• **WORK REQUIRED**
Lines from the one containing "this 740×987 image." to the end of the entries below must be reproduced exactly, with both end lines kept and no other line added.

• **GIVEN RECORDS**
----
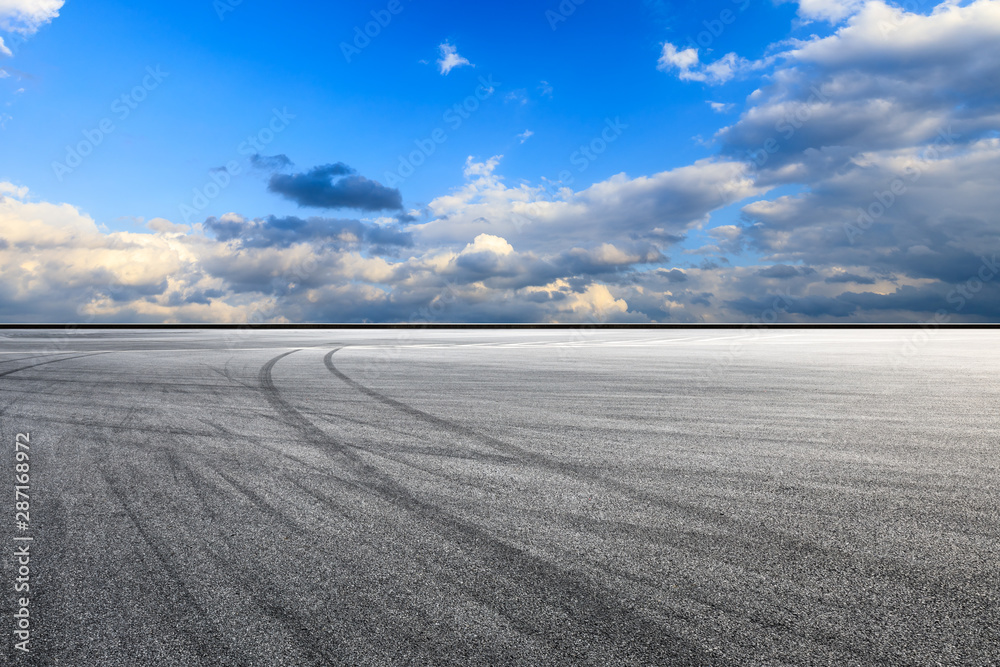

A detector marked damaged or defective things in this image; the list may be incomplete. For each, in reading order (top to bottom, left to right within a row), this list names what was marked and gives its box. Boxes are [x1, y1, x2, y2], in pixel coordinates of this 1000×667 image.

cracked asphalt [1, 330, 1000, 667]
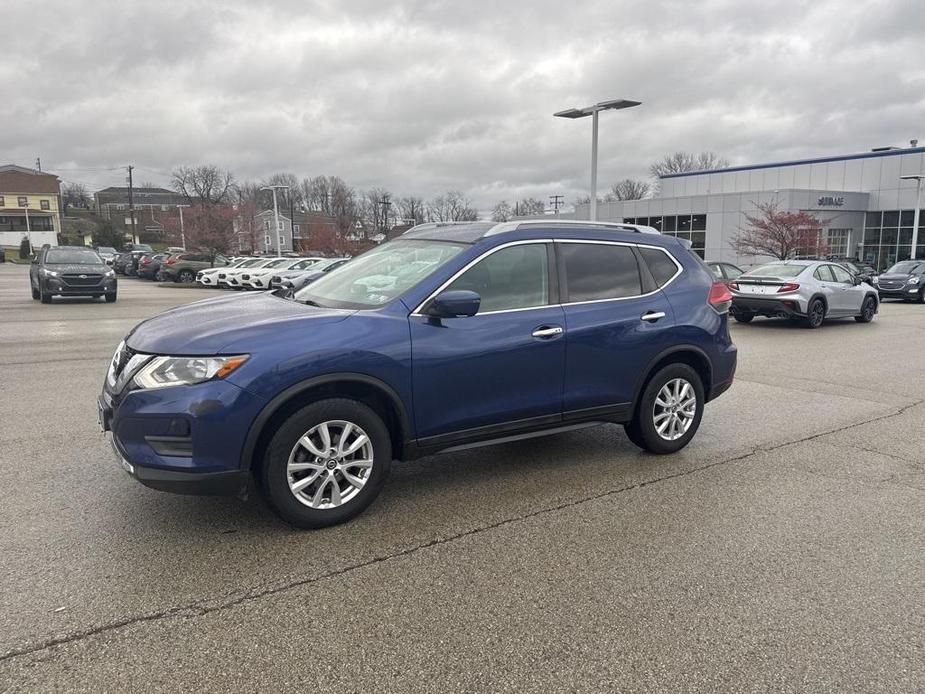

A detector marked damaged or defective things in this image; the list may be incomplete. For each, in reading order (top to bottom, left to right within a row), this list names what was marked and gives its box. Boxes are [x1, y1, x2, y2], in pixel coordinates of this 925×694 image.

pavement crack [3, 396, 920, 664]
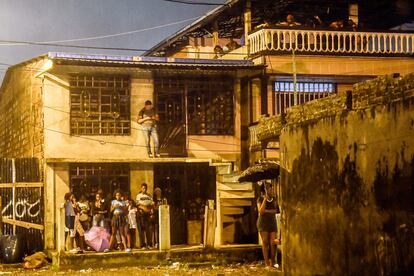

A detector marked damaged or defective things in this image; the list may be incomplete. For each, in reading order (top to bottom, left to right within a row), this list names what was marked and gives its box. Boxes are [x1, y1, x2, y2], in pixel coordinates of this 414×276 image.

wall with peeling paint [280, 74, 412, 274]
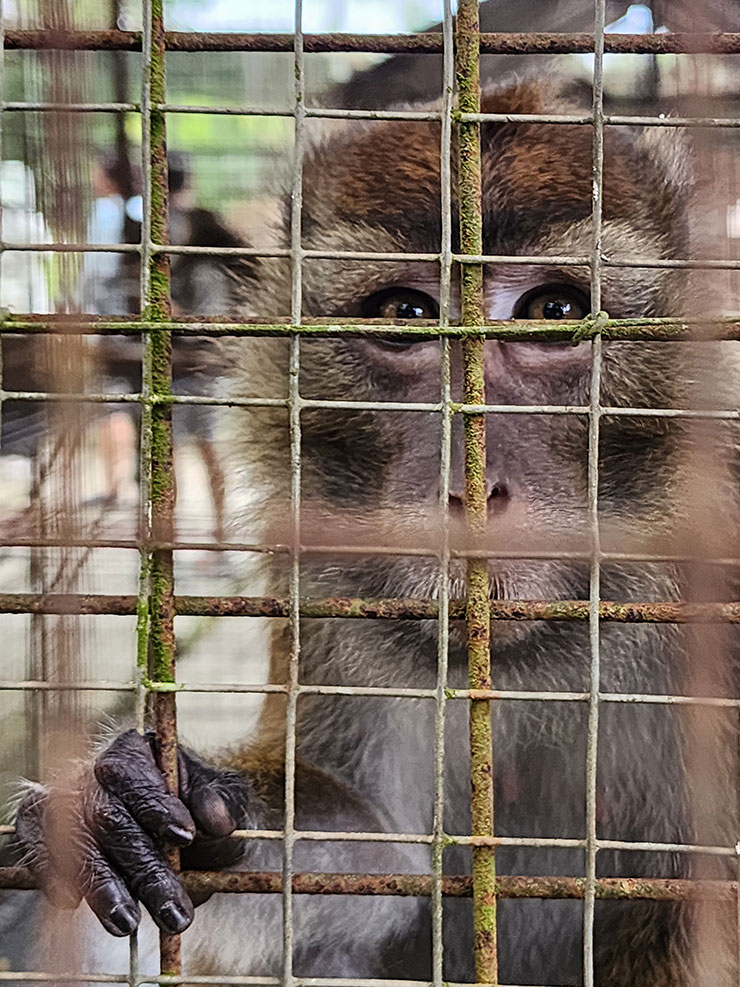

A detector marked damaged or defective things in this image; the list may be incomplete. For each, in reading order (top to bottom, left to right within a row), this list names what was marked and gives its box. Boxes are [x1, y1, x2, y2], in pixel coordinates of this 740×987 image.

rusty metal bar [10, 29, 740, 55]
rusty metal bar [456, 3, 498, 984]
----
• **COMPLETED EXERCISE**
A detector marked damaged or defective things in this image; the list may be incomplete. For each, in reading order (top to bottom, left to right within a row), this list names what was marked and gives its box. Boxes are [x1, y1, x2, y2], in pixel coordinates of this 740×987 image.

rusty metal bar [10, 29, 740, 55]
rusty metal bar [456, 3, 498, 984]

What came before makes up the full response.